=== EXERCISE DESCRIPTION ===
Transcribe the entries below exactly, starting with the line that has "Livro A Heróica lenda de Arslan - Vol.2" and stopping after the line that has "SPORTMAX Womens Straight"; no pictures belong in the copy.

=== EXCERPTED RECORDS ===

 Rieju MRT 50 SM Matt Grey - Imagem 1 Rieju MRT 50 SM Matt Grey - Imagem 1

--

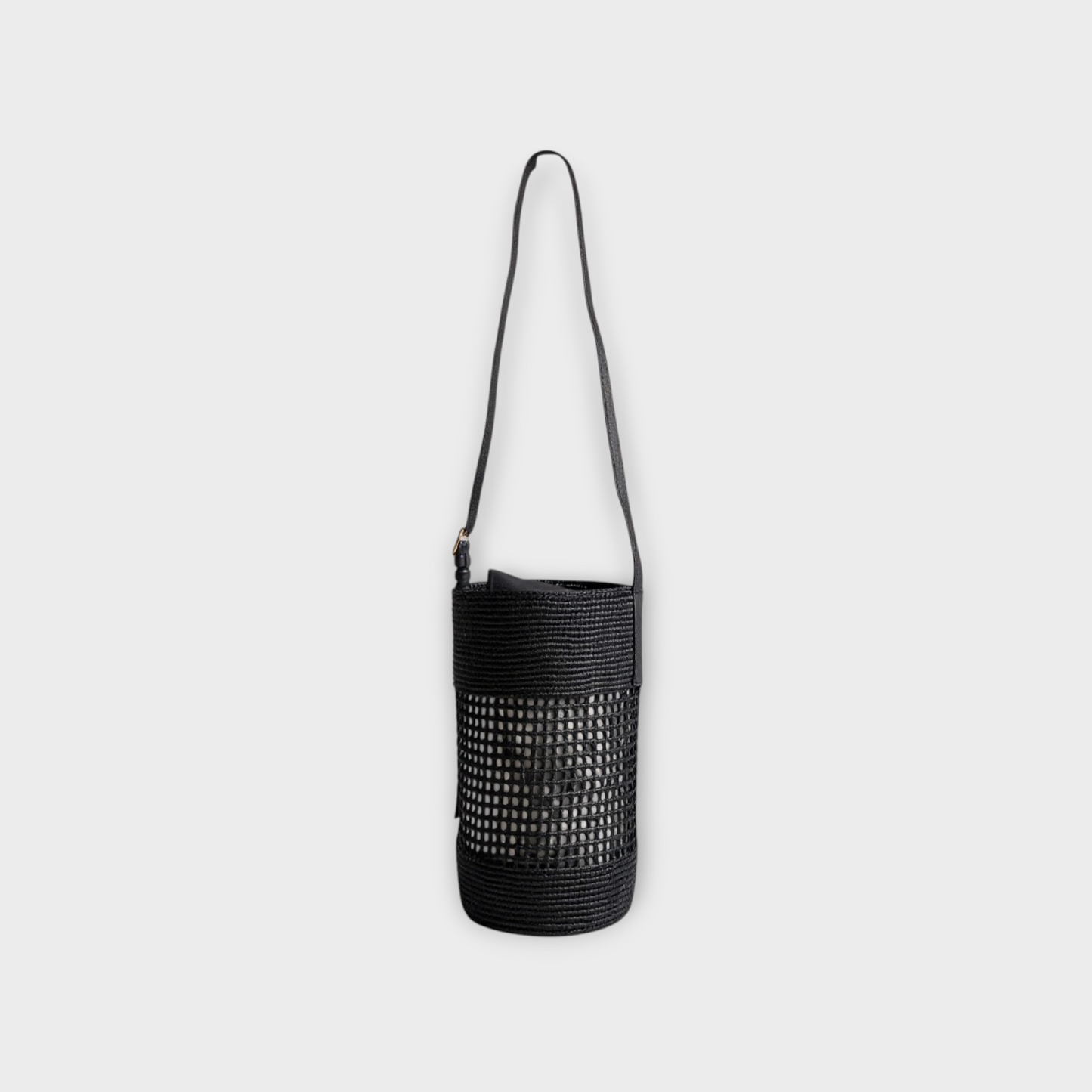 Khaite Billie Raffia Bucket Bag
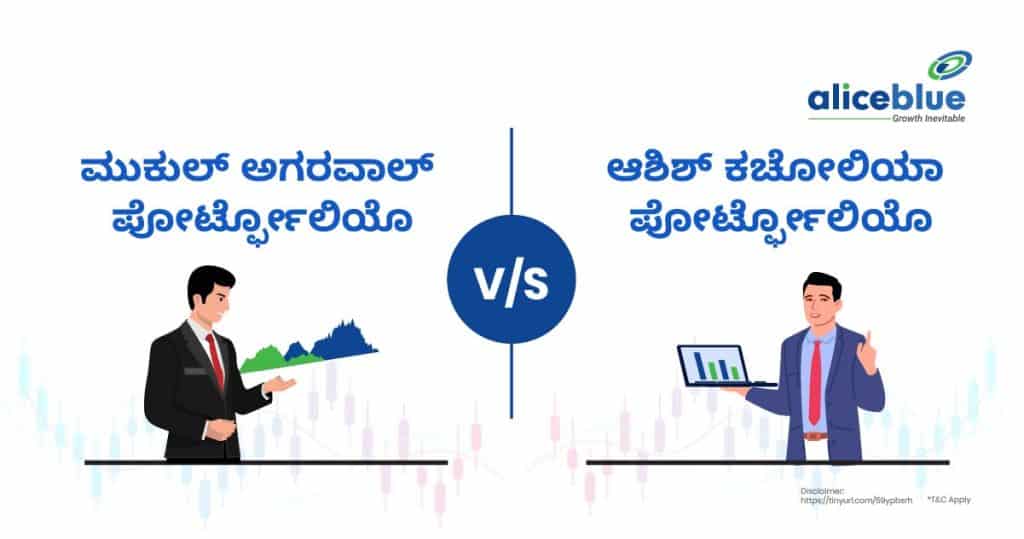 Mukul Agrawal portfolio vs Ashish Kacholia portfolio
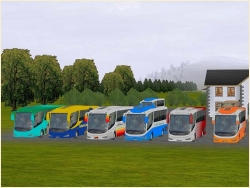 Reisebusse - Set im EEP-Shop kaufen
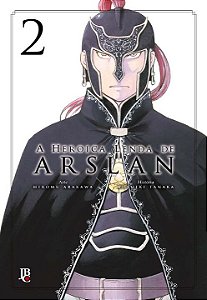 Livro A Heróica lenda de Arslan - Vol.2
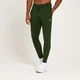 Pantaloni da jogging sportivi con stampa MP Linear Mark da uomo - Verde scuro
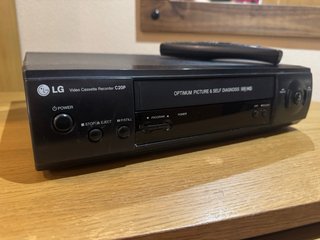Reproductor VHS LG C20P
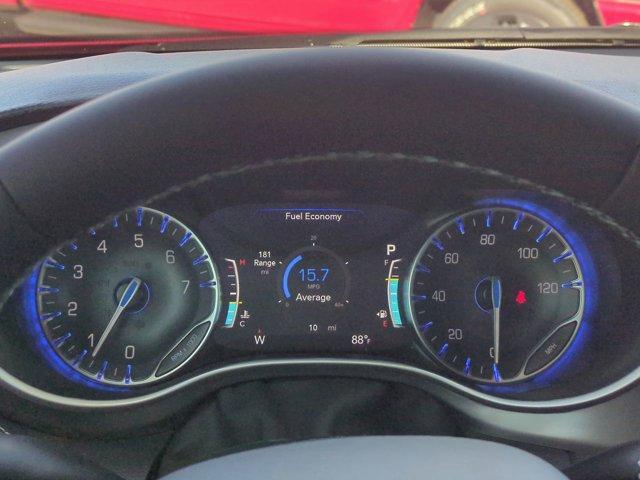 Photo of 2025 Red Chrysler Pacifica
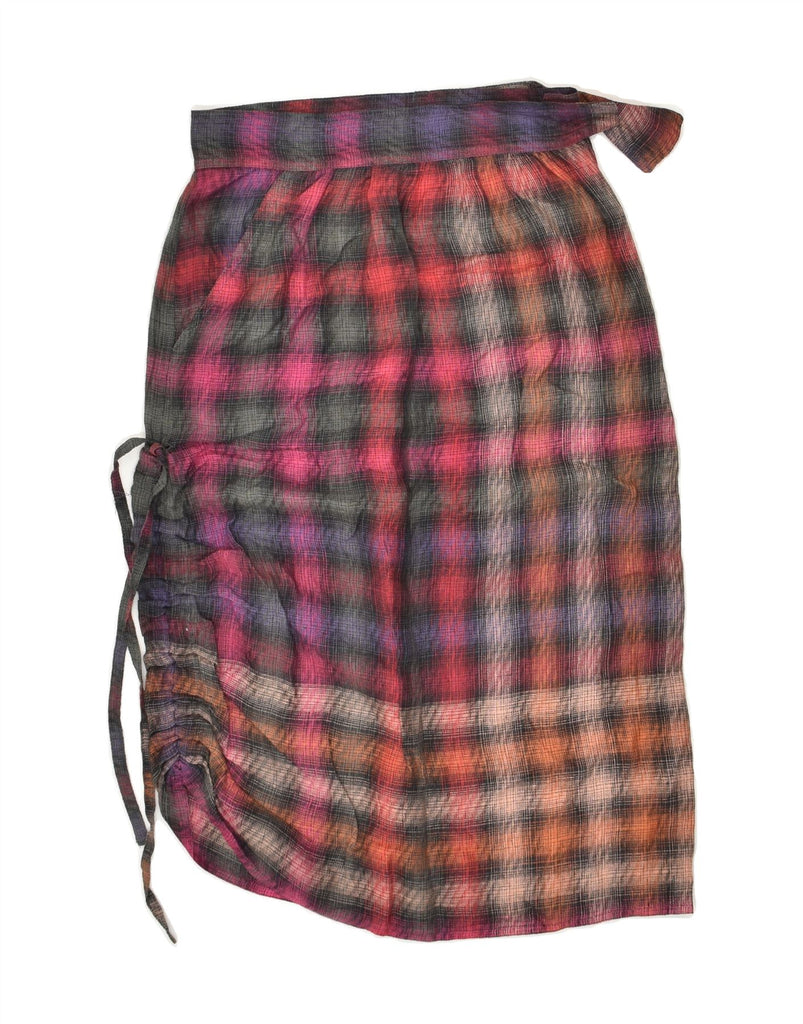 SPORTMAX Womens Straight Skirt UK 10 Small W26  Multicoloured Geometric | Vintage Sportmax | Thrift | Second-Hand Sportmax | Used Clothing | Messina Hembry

=== WRITTEN ANSWER ===
 Livro A Heróica lenda de Arslan - Vol.2
 Pantaloni da jogging sportivi con stampa MP Linear Mark da uomo - Verde scuro
Reproductor VHS LG C20P
 Photo of 2025 Red Chrysler Pacifica
 SPORTMAX Womens Straight Skirt UK 10 Small W26  Multicoloured Geometric | Vintage Sportmax | Thrift | Second-Hand Sportmax | Used Clothing | Messina Hembry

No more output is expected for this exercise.